═══ Dataset content

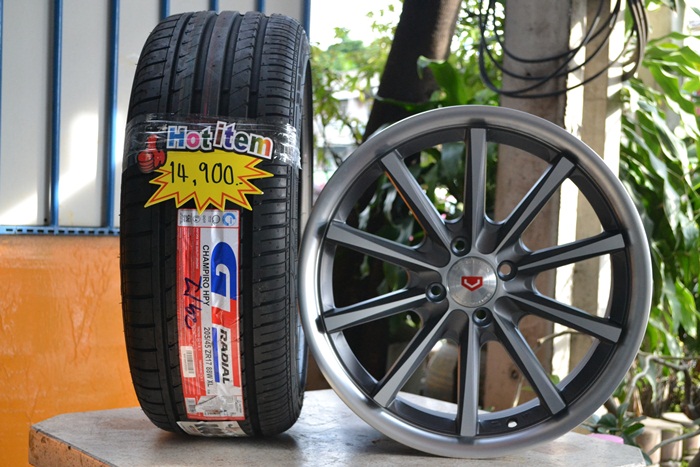 ล้อแม็กซ์ขอบ17 นิ้ว พร้อมยาง ชุดละ 14,900 บาท
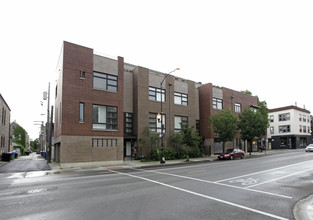 2101-2109 N Damen Ave in Chicago, IL - Building Photo - Building Photo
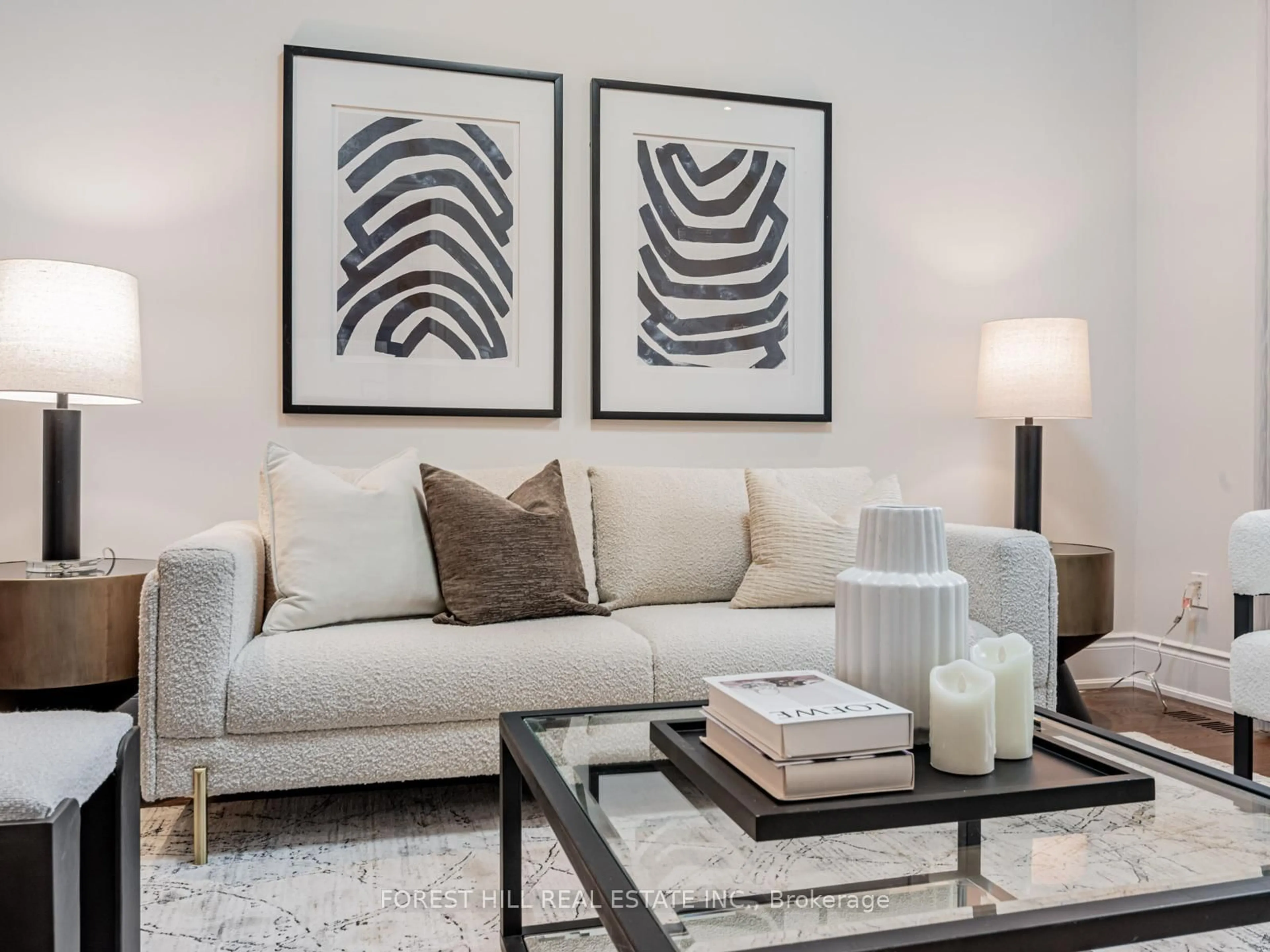 Living room with furniture, unknown for 6 Terrace Ave, Toronto Ontario M2R 1E9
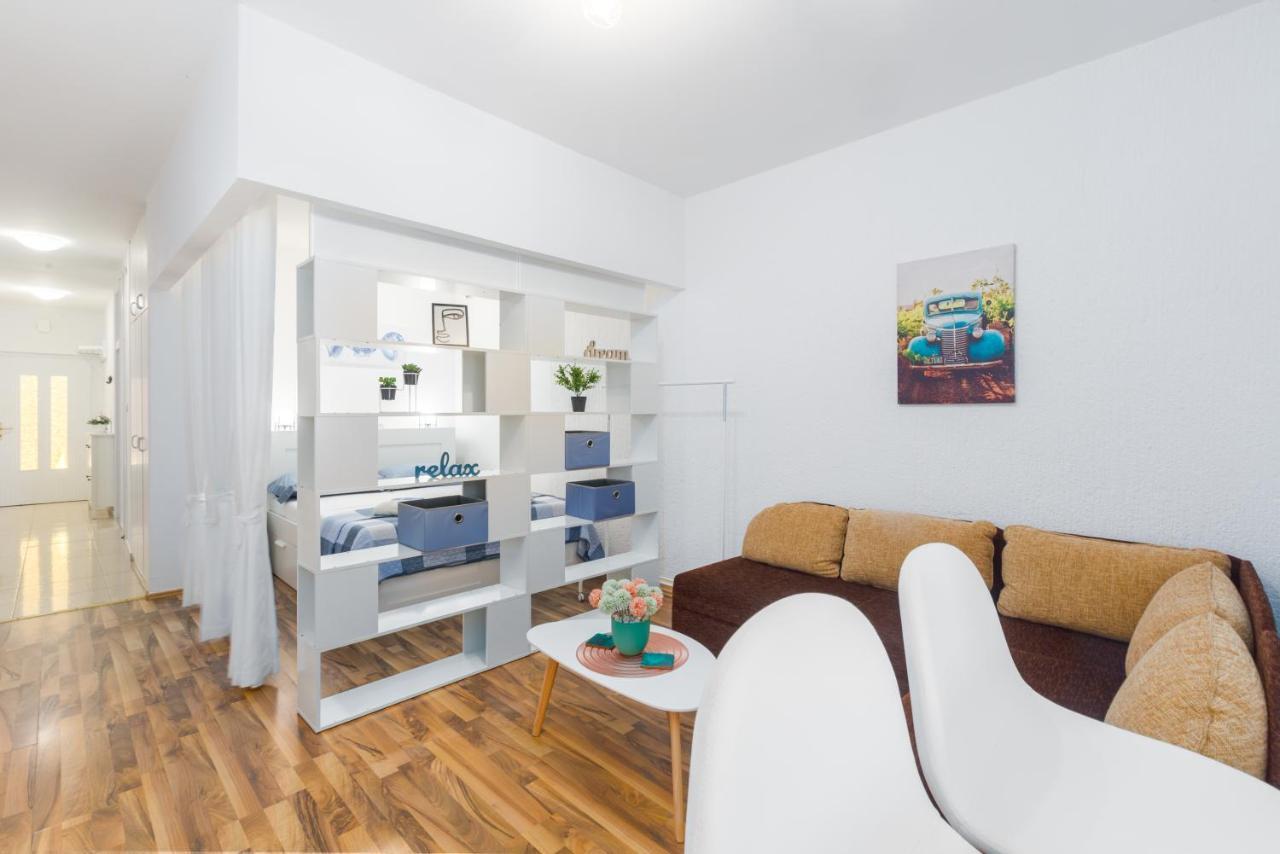 Family Apartment Romina Vrsar Exterior foto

══════

▶ Assigned task
Could you write out the whole listing exactly, dropping the pictures?

▶ Solved problem
 ล้อแม็กซ์ขอบ17 นิ้ว พร้อมยาง ชุดละ 14,900 บาท
 2101-2109 N Damen Ave in Chicago, IL - Building Photo - Building Photo
 Living room with furniture, unknown for 6 Terrace Ave, Toronto Ontario M2R 1E9
 Family Apartment Romina Vrsar Exterior foto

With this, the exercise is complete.